Сьюзан Грубар - Иуда: предатель или жертва?
В «Арабском Евангелии детства Спасителя» противопоставляются добрый и дружелюбный ребенок Иисус, совершающий чудеса, исцеляющий как детей, так и взрослых, и чрезмерно раздражительный, неуравновешенный ребенок Иуда. Это противопоставление четко обозначено в возможно первом пространном описании одержимости Иуды уже в детском возрасте: «И другая там проживала женщина, у которой сын одержим сатаною был. Звали его Иудой. Всякий раз, как вселялся в него Сатана, кусал он всех, кто к нему приближался, а если близ себя никого не находил, собственные руки и ноги он грыз. И вот, услыхав о Госпоже Марии и Сыне ее Иисусе, собралась мать несчастного этого и привела сына своего Иуду к Владычице Марии. Меж тем Иаков с Иосией увели младенца Господа Иисуса с другими детьми поиграть. Уселись они пред домом, и Господь Иисус с ними. Подошел [к ним] бесноватый Иуда и справа от Иисуса присел. И тут, как обычно бывало, охваченный сатаной, захотел он загрызть Господа Иисуса, однако ж не смог, только поранил Ему правый бок, и потом разрыдался. И выскочил в тот же миг стремглав из мальчика этого сатана, подобный собаке бешеной. Мальчик же тот, что Иисуса поранил и из которого сатана в собачьем обличье выскочил, был тем Иудой Искариотом, что Его иудеям предал. И тот бок Иисуса, который Ему Иуда поранил, иудеи потом копьем пронзили». (Walker trans, 116-117)
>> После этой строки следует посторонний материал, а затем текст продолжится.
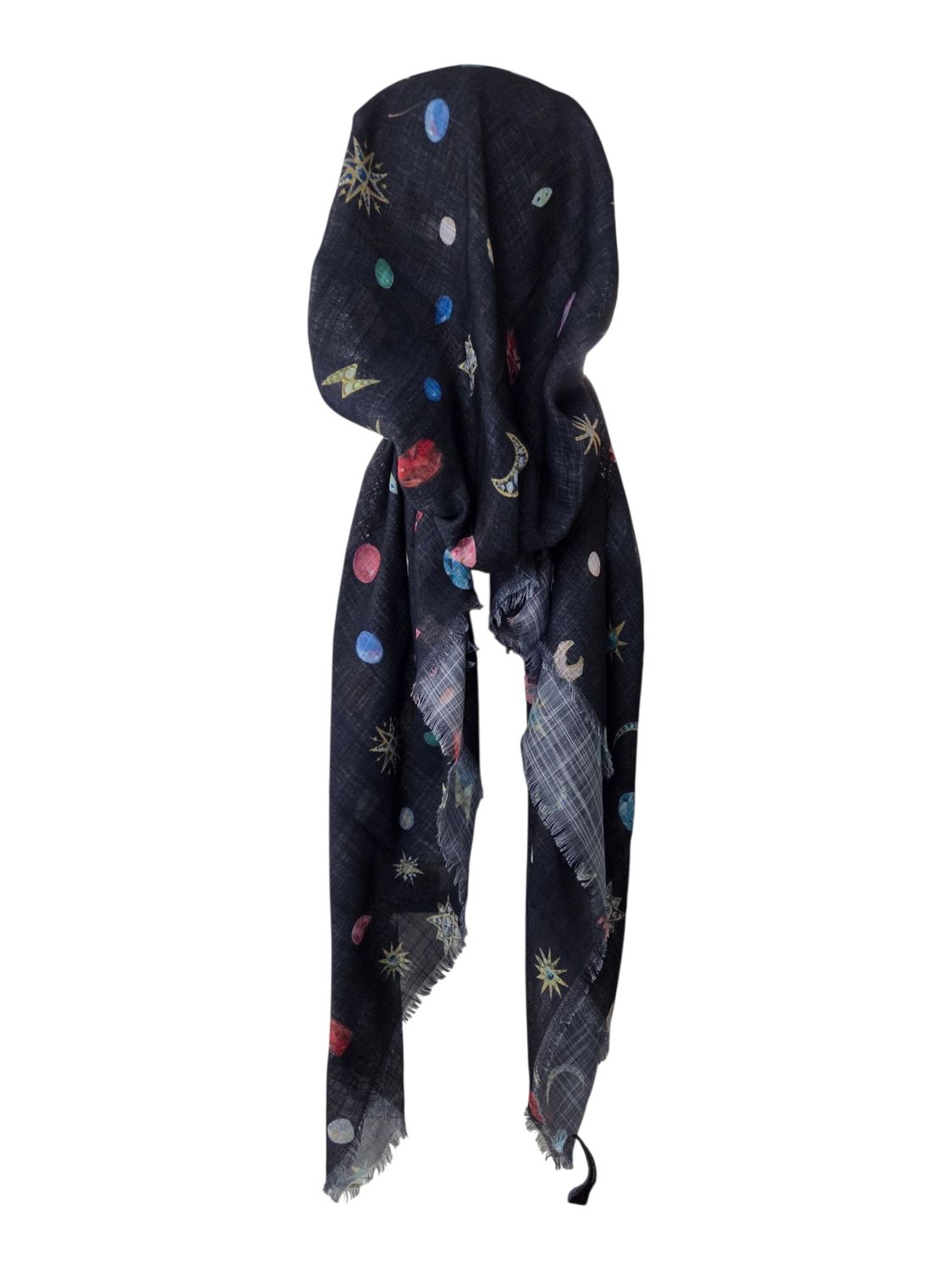 Black Cosmic pattern - soft fringes pretied tichel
Подобно Каину и Авелю, Иисус и Иуда предстают от рождения обреченными на противостояние, жертвой которого станет невинность. Как и в других текстах, Иуда в «Евангелии детства» ставится в один ряд с нечеловеческими видами: овладевающий им сатана, обретающий обличье собаки, напоминающей Цербера, стража Подземного царства греков, превращает Иуду в кусачего зверя. Укусы этого бесноватого существа способны заразить бешенством любого, однако загрызть Иисуса ему не удается — Иисус сохраняет свою чистоту.
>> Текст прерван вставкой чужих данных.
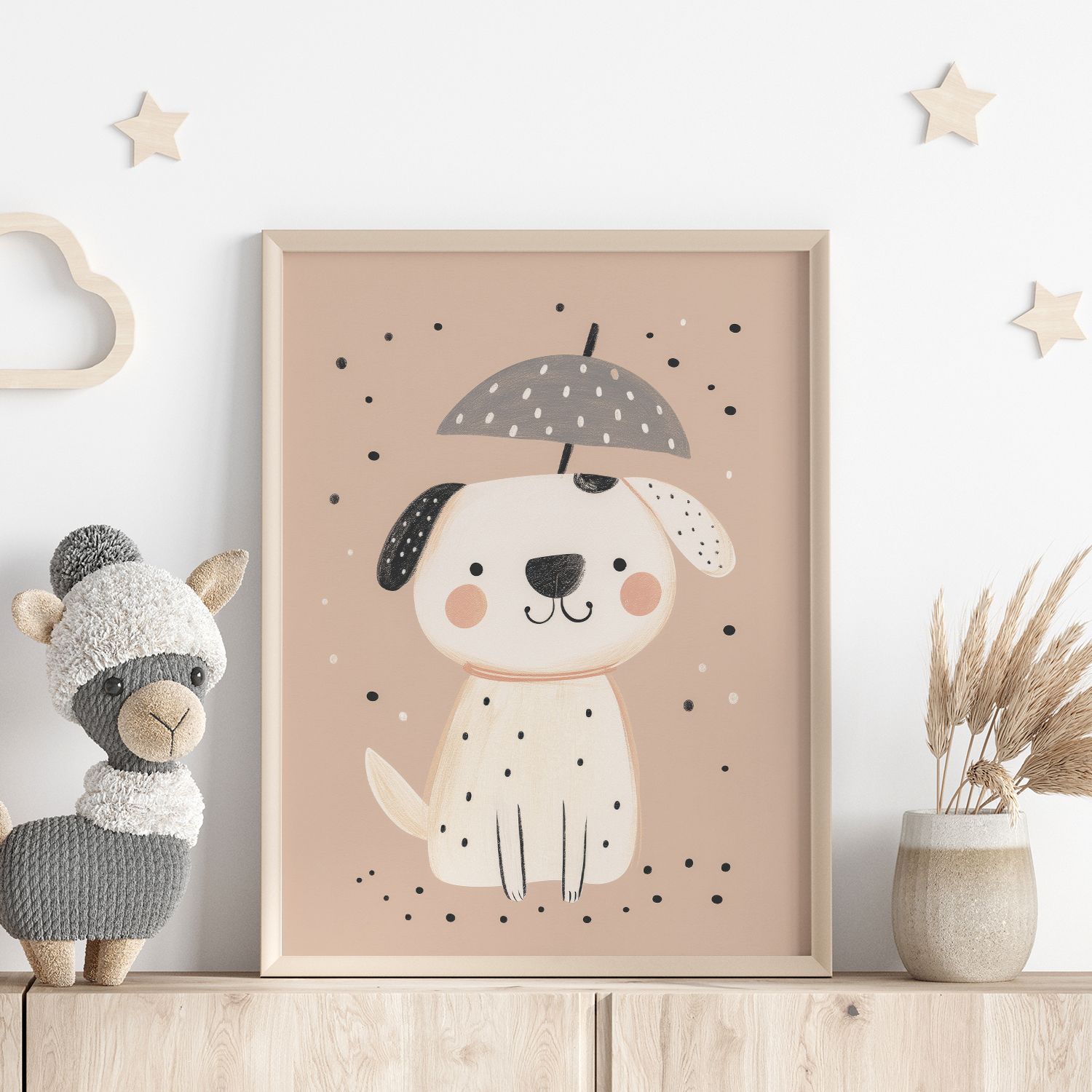 Poster - Schattige Hond met Paraplu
Эпизод с кусающимся Иудой в «Евангелии детства» предваряет рассказ о другой несчастной, молодой женщине, «терзаемой Сатаной. Являлся к ней этот проклятый в обличье дракона громадного и проглотить ее собирался, всю кровь из нее высасывая, так что становилась она на труп похожей» (115). К счастью, для этой жертвы кровопийцы, Владычица Мария дала ей одну из «старых пелен» Господа Иисуса, от которой сатана отпрянул в страхе, «сгинул и не показывался» больше. В сцене с Иудой Иисус оказывается пораненным, прежде чем сатана выскакивает из того. Из чего можно заключить, что одержимость нечистой силой, когда она случается, обычно бывает временной; но — не в случае с Иудой! В отличие от невинных, хоть и одержимых существ, греховный Иуда заслуживает свою демоническую одержимость.[150]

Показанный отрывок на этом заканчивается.